A gennaio 2020 il deputato del M5s Giuseppe Brescia ha presentato una proposta di legge (ribattezzata dalla stampa Brescellum) per introdurre una legge elettorale di tipo proporzionale, che tra le altre cose esclude dal Parlamento i partiti che prendono meno del 5 per cento dei voti. Il testo ha iniziato il suo esame nelle commissioni, fermatosi di fatto a settembre 2020.

Negli ultimi giorni, il segretario del Partito democratico Enrico Letta si è limitato a chiedere di eliminare l’attuale legge elettorale, definita la «peggiore» di sempre, mentre il leader del M5s Giu
seppe Conte non ha fatto specifiche dichiarazioni in merito, preso dai dissidi interni al partito con l’ex capo politico Luigi Di Maio.
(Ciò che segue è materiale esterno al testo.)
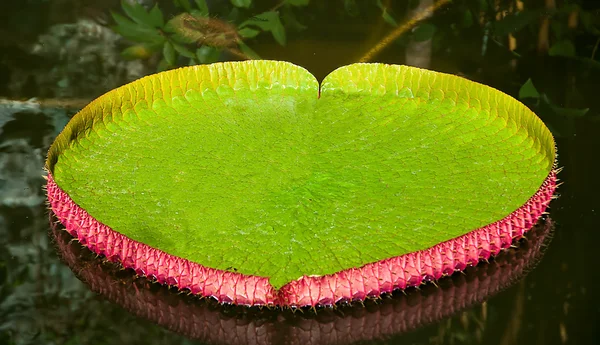 The Victoria Water Lily — Stock Photo, Image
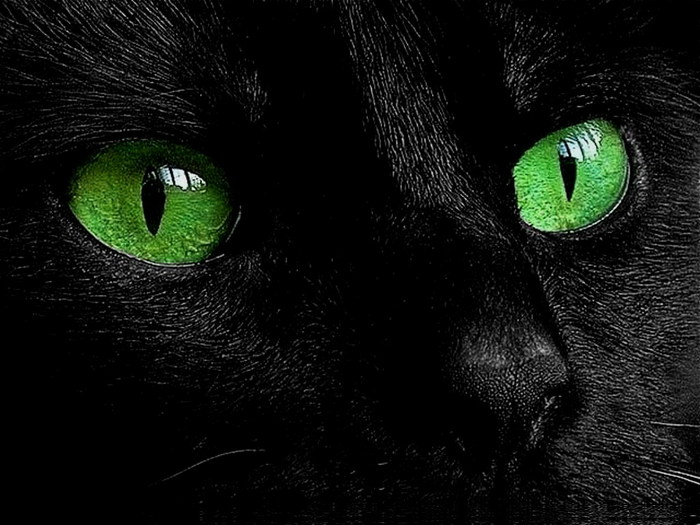 Черные кошки и коты. Обсуждение на LiveInternet - Российский Сервис  Онлайн-Дневников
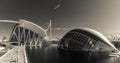 Panoramic view of City of Arts and Sciences, Valencia, Spain.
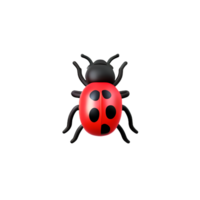 coccinelle 3d le rendu icône illustration png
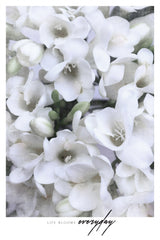 Distressed freesias II Poster och Canvastavla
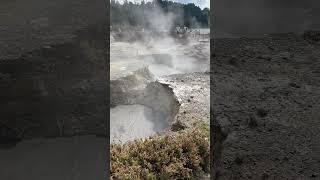 Hot Springs Furnas Sao Miguel Azores [upl. by Kalam]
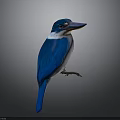 Beautiful Blue and White Bird with Long Beak Standing on Dark Background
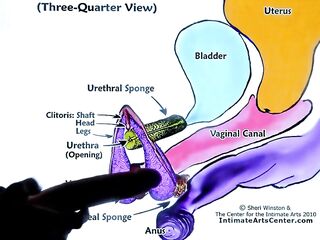 SQUIRTING TUTORIAL two !!! Mr PussyLicking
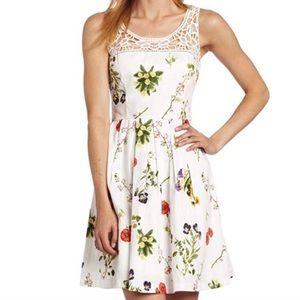 BB Dakota Embroidered Sun Dress NWT Sz 4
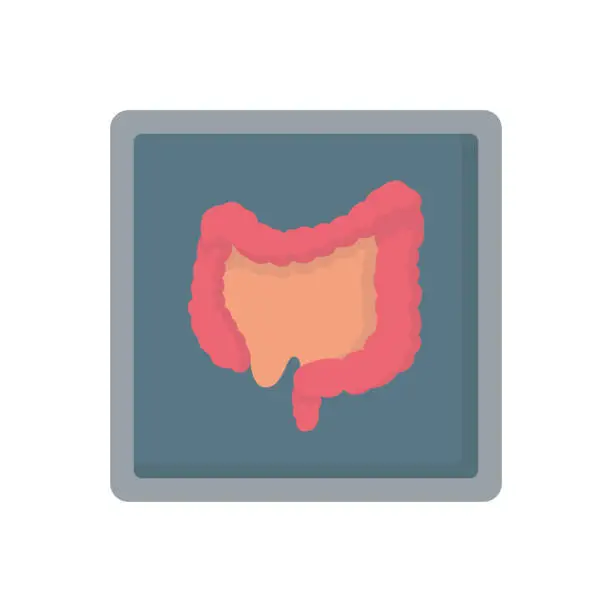 Vector illustration of Intestine X-ray human organ medicine flat vector icon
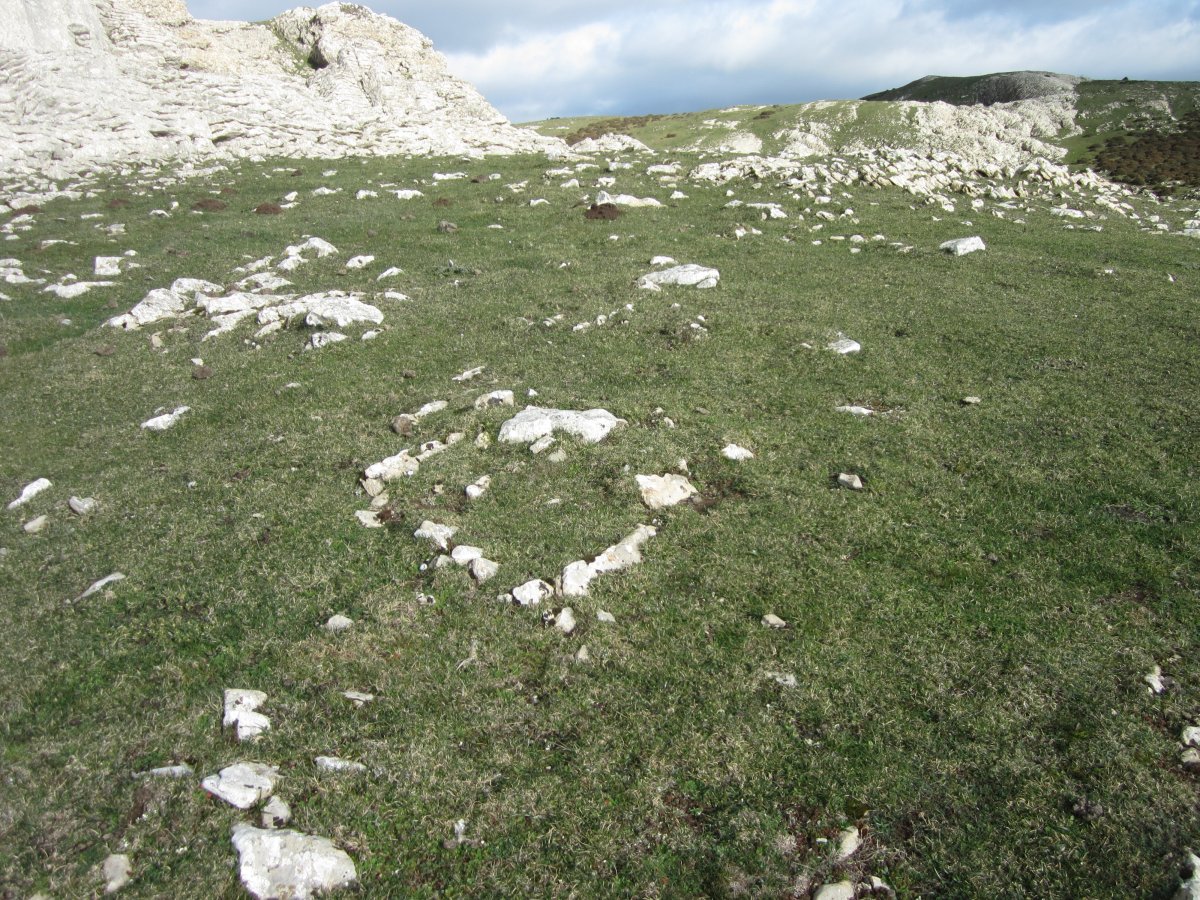 Túmulo Anular Elortxiki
Lo scorso autunno lo stesso Conte ha comunque difeso una riforma in senso proporzionale, riproponendo il testo avanzato da Brescia.
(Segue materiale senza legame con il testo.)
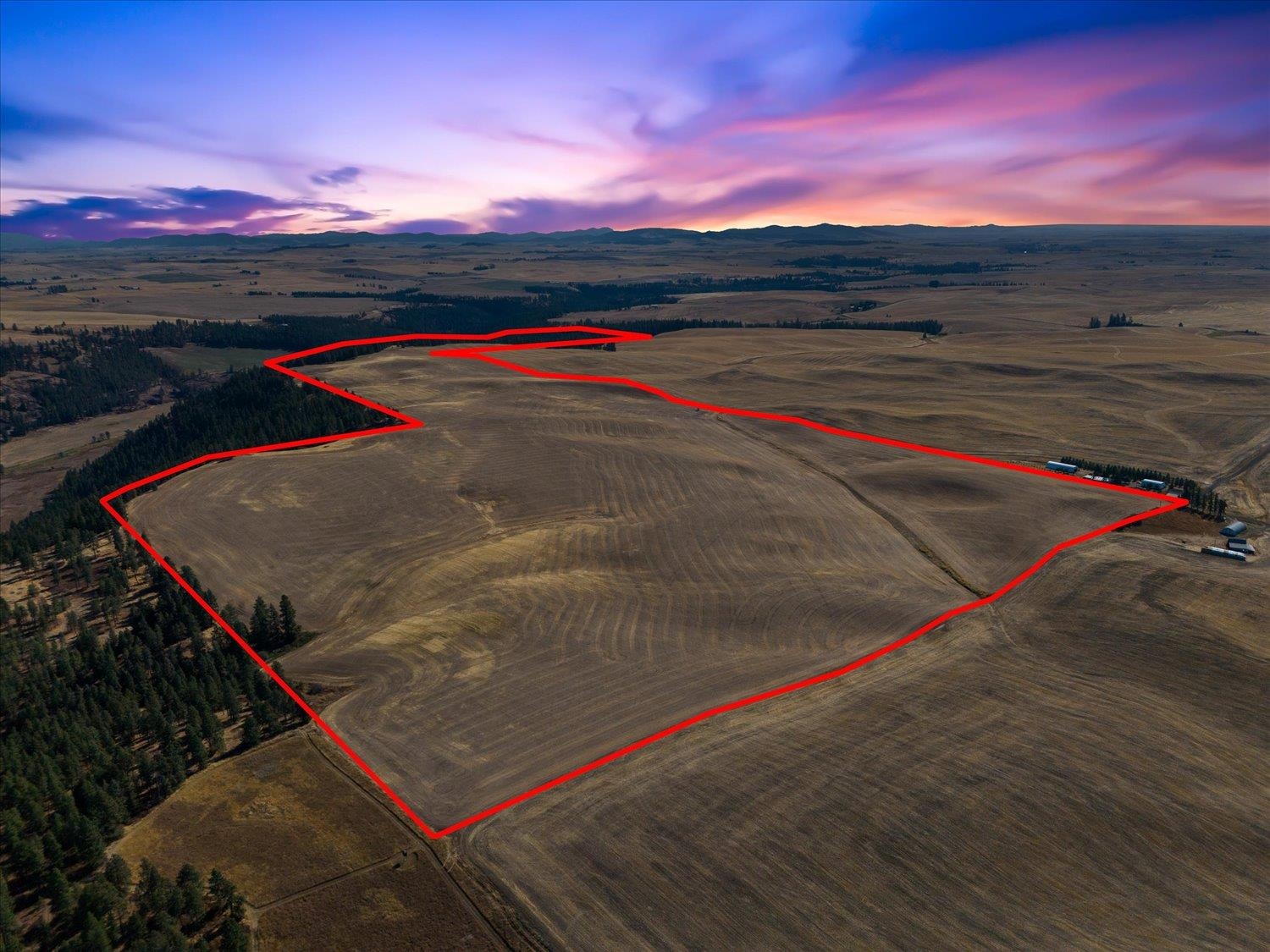 Listing image 5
Anche in questo caso, vale il discorso fatto prima: i tentativi di mantenere in piedi l’alleanza tra queste forze politiche quasi certamente condizionerà il destino di un’eventuale nuova legge elettorale.

Le manovre al centro

Infine, in mezzo ai due schieramenti di centrosinistra e centrodestra si sta muovendo quello che alcuni commentatori hanno già ribattezzato «il Grande Centro», facendo riferimento a partiti come Italia viva di Matteo Renzi e Coraggio Italia del presidente della Regione Liguria Giovanni Toti.

Renzi in passato ha più volte detto che preferirebbe il maggioritario, non opponendosi però al proporzionale. Il 31 gennaio, in un’intervista al Corriere della Sera, il leader di Italia viva ha dichiarato che su una riforma della legge elettorale «nei prossimi mesi inciderà la volontà dei gruppi maggiori come 5 stelle e Lega, che a oggi sono dilaniati».

Più diretto è stato Toti, che sempre il 31 gennaio, in un’intervista a La Repubblica, ha dichiarato che serve «una legge più equilibrata in senso proporzionale, magari con uno sbarramento abbastanza alto».